Another big twist was the reveal that Bra’tac (played by Tony Amendola) rejected Apophis and became a goodie.

Jonathan Glassner: Well, the one thing I can remember is that we always wanted to find a way to get Tony into the show. So we said, let’s figure out a way to write him in. And that’s how we did it. And he appears a bunch of times after that, too.

Master Bra’tac (Tony Amendola) with his Serpent Guard helmet open.
Master Bra’tac (Tony Amendola) defects in the Stargate SG-1 episode ‘The Serpent’s Lair’ (S2, Ep1). | MGM, 1998.

Some of the most memorable parts of the episodes is seeing Skaara and Klorel battle for dominance inside Skaara’s body. It made for some electric scenes with his mentor and father figure Jack.

Alexis Cruz: There was this dynamic in the script of Skaara coming out and pleading for help. And O’Neill realizing he was in there and getting worked up and then Klorel coming back in and taunting him and I think it worked really well.

[In my opinion] Skaara figures this out and is going to let him think that he’s stringing him along and is in charge. If I can distract you with believing you’re hurting me in this way, then you’re going to keep putting your energy over, while I’m being subversive over here.

Little by little, you’d have these moments of sabotage against his oppressor. Various moments where Klorel should have done something villainous and then something went wrong, and inexplicably, he changed his mind. There is that story in there that added to all of those scenes, certainly, you know, and had to be layered in and created again so that you get that little piece of the ball on the sly. And then you, as an audience member, get the impression of what's happening.

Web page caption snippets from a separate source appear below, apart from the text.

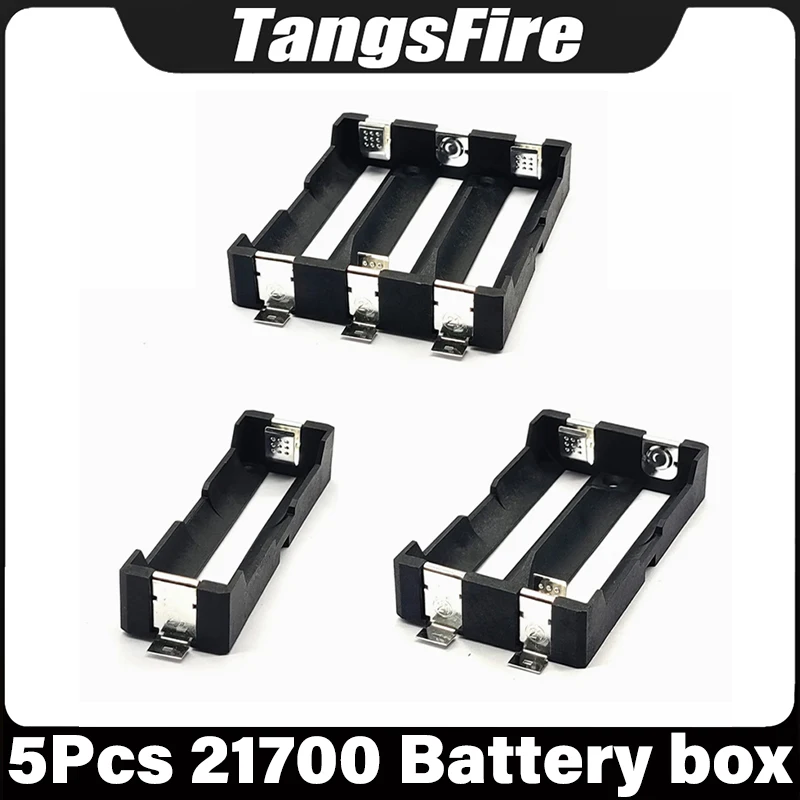 5 Pcs 21700 Battery Holder SMT For 1 2 3 Slots 21700 Battery Box 21700 Savings Box Battery High Quality Accessories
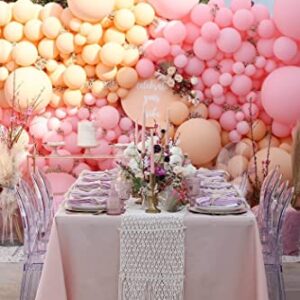 Styirl Pastel Pink Balloons Garland - 100 Pcs 5/10/12/18 Inch Pink Balloon arch Kit for Birthday Party/Easter Decorations/Mothers Day Decor/Baby Shower/Gender Reveal / 2022 Graduation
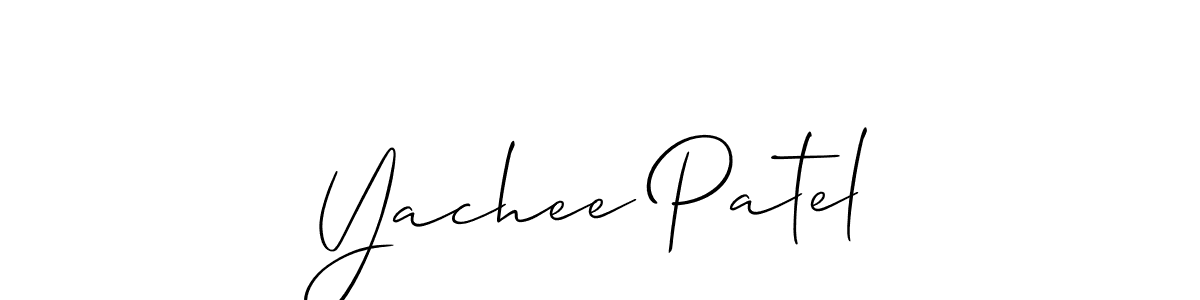 See photos of Yachee Patel official signature by Spectra . Check more albums & portfolios. Read reviews & check more about Allison_Script font. Yachee Patel signature style 2 images and pictures png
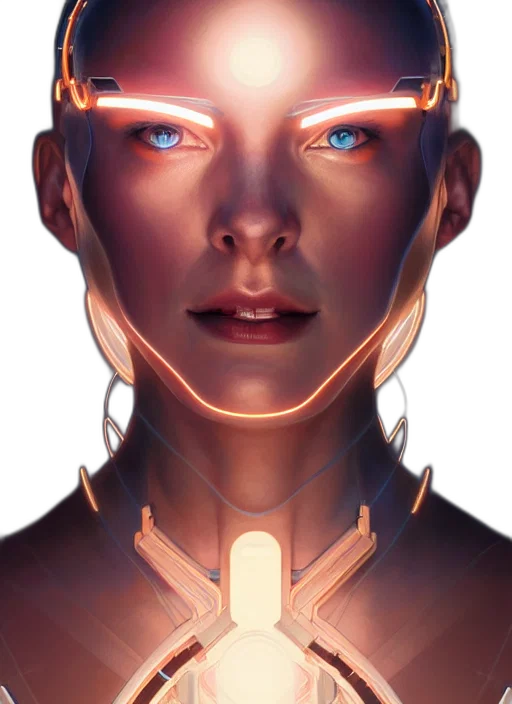 robot, face, jewelry, mask transparent PNG cut-out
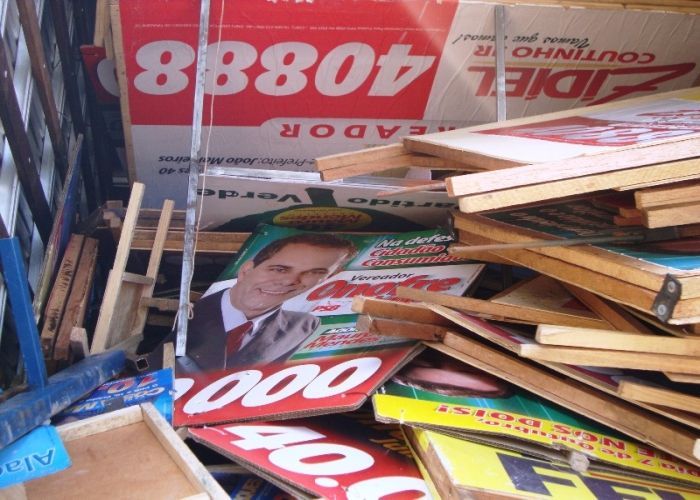Quase 3 mil materiais de campanha são apreendidos em Mato Grosso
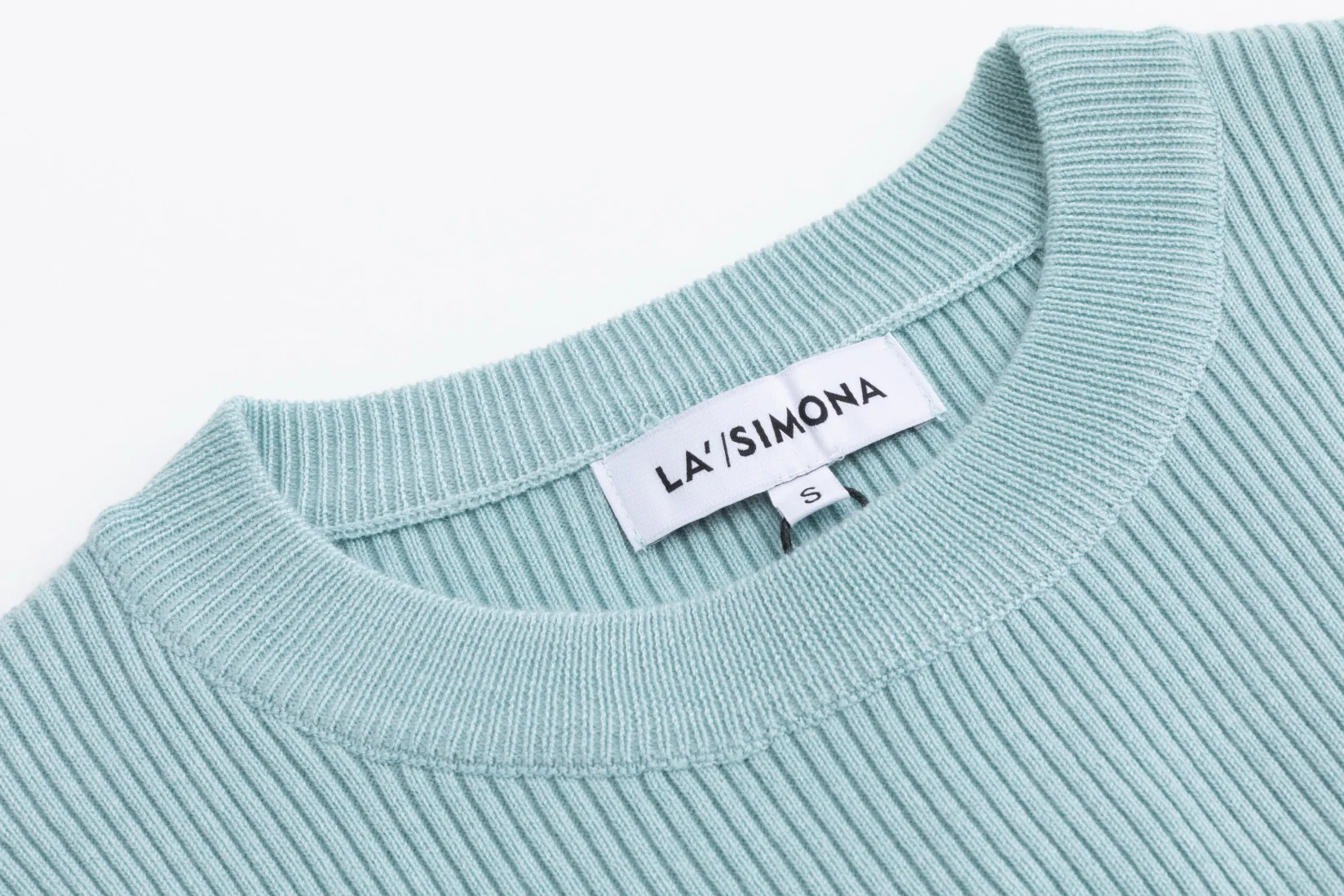 Blue Knit Top With Neon Printed Bottom - Image 4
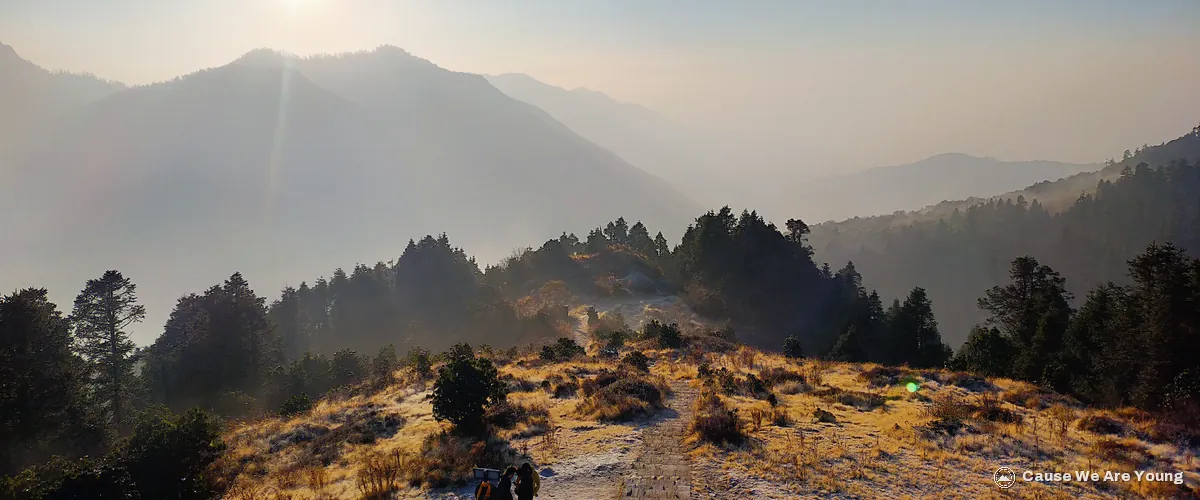 Sunrise at the top of Poon Hill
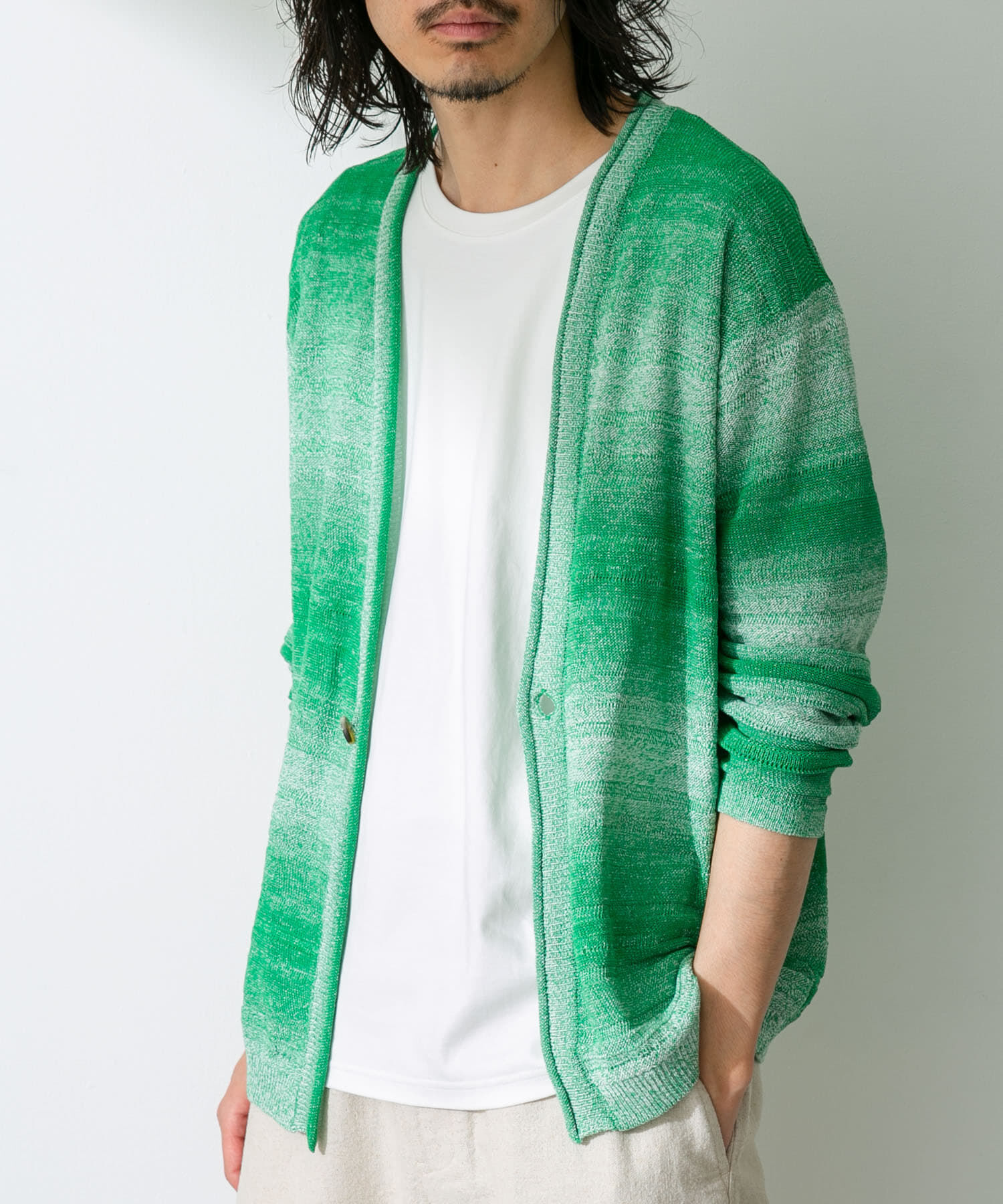 Sonny Label 「スペースダイライトニットカーディガン」|カーディガン|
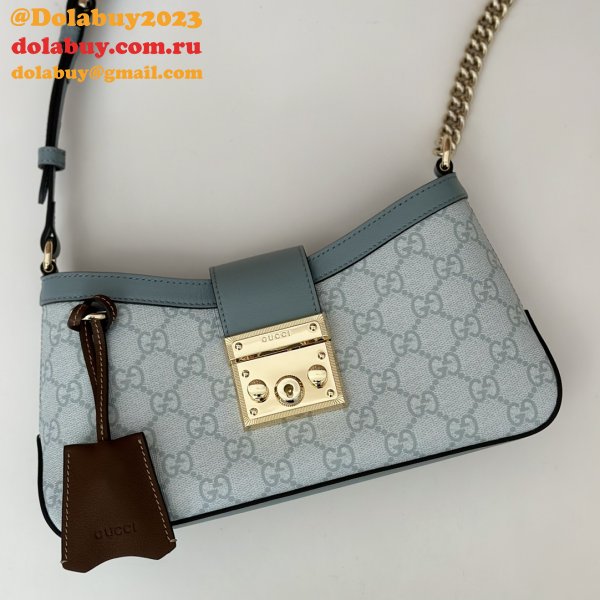 Padlock Fashion Gucci Duplicate Shoulder 811705 Bag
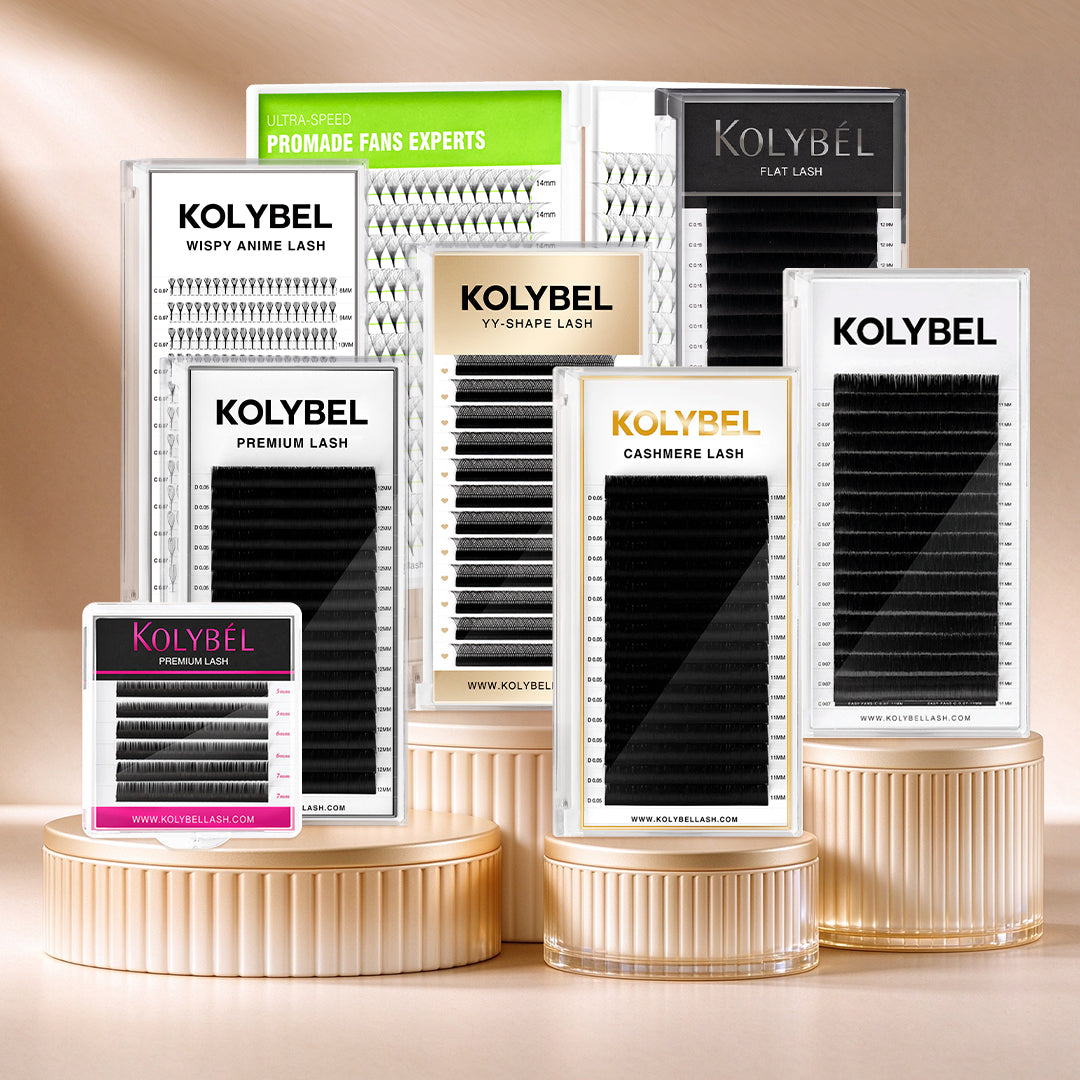 KOLYBEL LASHES all lashes CASHMERE YY W LASH PROMADE FANS LOOSE FANS 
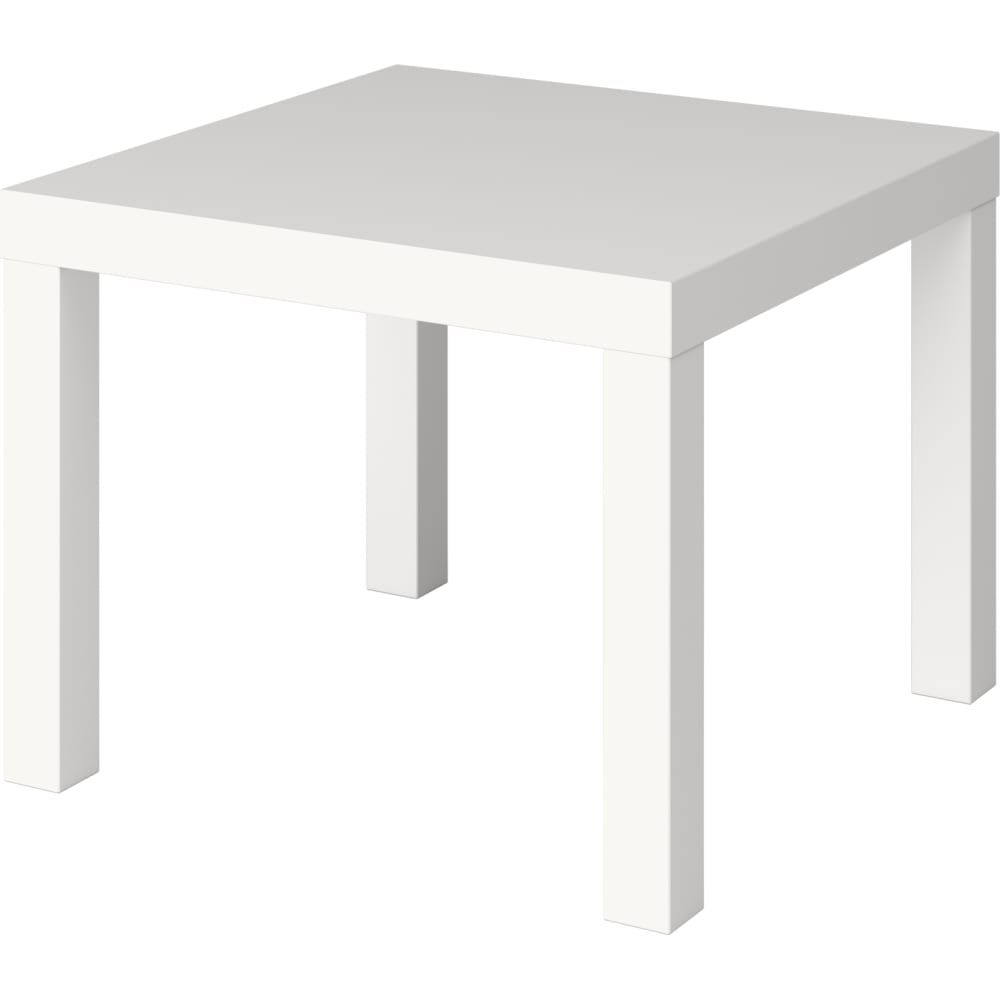 Журнальный, придиванный стол СТИМ Лайк 55x55 см, белый 950000290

And I think that it really came across, at least from the feedback I’ve gotten, that there is a level of complexity under there, even if they can't pinpoint what it is. I’m satisfied with that.

Ultimately, everything is put right, Apophis is defeated (for now), Earth is saved and SG Command is back in business. And more importantly, the second season was up and running with a brilliant finale from the previous year and a stunning season opener.

Jonathan Glassner: For the second season, I was still having a blast. It was a giant sandbox because we had a lot more money than most television series have at that point because of our big order.

Brad Wright: It’s been 25 years, remember? But I had blurred ‘...Serpent’s Grasp’ and ‘Serpent’s Lair’ into one show in my head. That’s the funniest thing.

Alexis Cruz: It means a lot and I know that it means a lot to the public and that means a lot to me, you know, and I think throughout all the years, that’s always ended up being the cornerstone of our relationship with this project and with the community.